Southern California based and world renowned blues-rock guitarist, singer and songwriter, Alastair Greene, has just released Live from the 805 through Rip Cat Records. Produced by Greene and Sean McCue, the two-disc, twenty-song set was recorded during a live performance in his native Santa Barbara, CA (area code 805) in March of 2018.

Greene is the grandson of the late jazz trumpeter Chico Alvarez, who inspired Greene to pursue a career in music. One of the many highlights of that career has been Greene’s work as lead guitarist with legendary producer, engineer and musician Alan Parsons. He’s also enjoyed great success with his own project, the Alastair Greene Band. With Live from the 805, Greene’s seventh album, he celebrates his twentieth year in the music industry.
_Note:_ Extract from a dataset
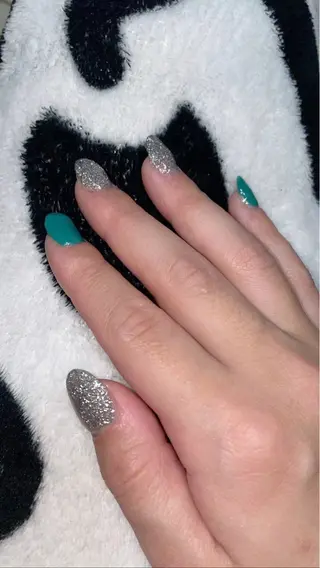 ネイル 林 玲菜のネイルデザイン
The show opens with “The Sweetest Honey” from his 2014 album Trouble Out Your Door. We hear the audience come alive with cheers and applause as Greene and his bandmates – bassist and backing harmony vocalist, Jim Rankin and drummer, Austin Beede – take the stage. With a sharp double-crack of the snare drum, they launch into the fast and furious intro/outro riff which is squarely rooted in the blues but inarguably powered by rock. As with his guitar playing, Greene’s singing likewise lives in the world he establishes on the border of both genres. From the first notes of his guitar solo, he captures the sound and feel of Eric Clapton’s performance on Cream’s “Crossroads.”

Two other songs from Trouble Out Your Door which appear on this live set, “Red Wine Woman” and “Back Where I Belong” are excellent examples of Greene’s superb finger-picking skills. He’s adept at concurrently playing while mimicking his vocal line or playing a counter melody against it. Although the finest illustration of this skill is probably “Big Bad Wolf” from 2017’s Dream Train, where he uses this technique during both the verses and the choruses.
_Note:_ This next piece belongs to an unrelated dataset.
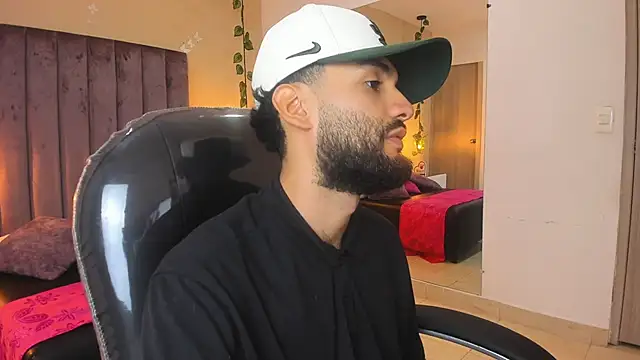 Ryan Jackson  online show from November 2025 04:13:02 AM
Greene proves that he can extricate the rock element from his playing and demonstrate genuine blues chops on songs like “Three Bullets” and “Love So Strong” (each found on 2001’s A Little Wiser). Both songs are authentic blues shuffles; both feature some down and dirty blues guitar soloing.

Greene is appreciative of his band mates and other musician friends who help him to shine, and he affords them time in the spotlight as well. Jim Rankin owns the intro to “T’other Way,” where his tasteful and evenly spaced bass chording gives this song a character that is unique and separate from any other song in this collection. A reworked cover of “Big Boss Man” by Jimmy Reed gets a funky drum break coming out of the chaotic guitar solo, thanks to Austin Beede. According to Greene when describing their version of the song, “…it’s definitely more on the jam band side of things.” Chris Chalk, a long-time friend and former bandmate of Greene from years gone by, tears it up as the guest vocalist on the rocker “First Born Son.”

The last song, “Walking in Circles” is the title track from Greene’s 2009 release. Borrowing the signature riff and shuffle groove from “Dust My Broom” by Elmore James, it’s a raucous, show-stopping finale. It offers one final blast of Greene’s expert slide guitar work. Then he calls out his bandmates over the ending notes and thanks his audience.

During a live video chat on his Facebook fan page to celebrate the album’s release, Greene thanked his many loyal fans for the strong pre-release sales of Live from the 805. It’s a sure bet that those sales will continue to rise, as more people hear his music on blues radio stations or see his performance videos on the Internet and decide to hop on board the Alastair Greene blues-rock express.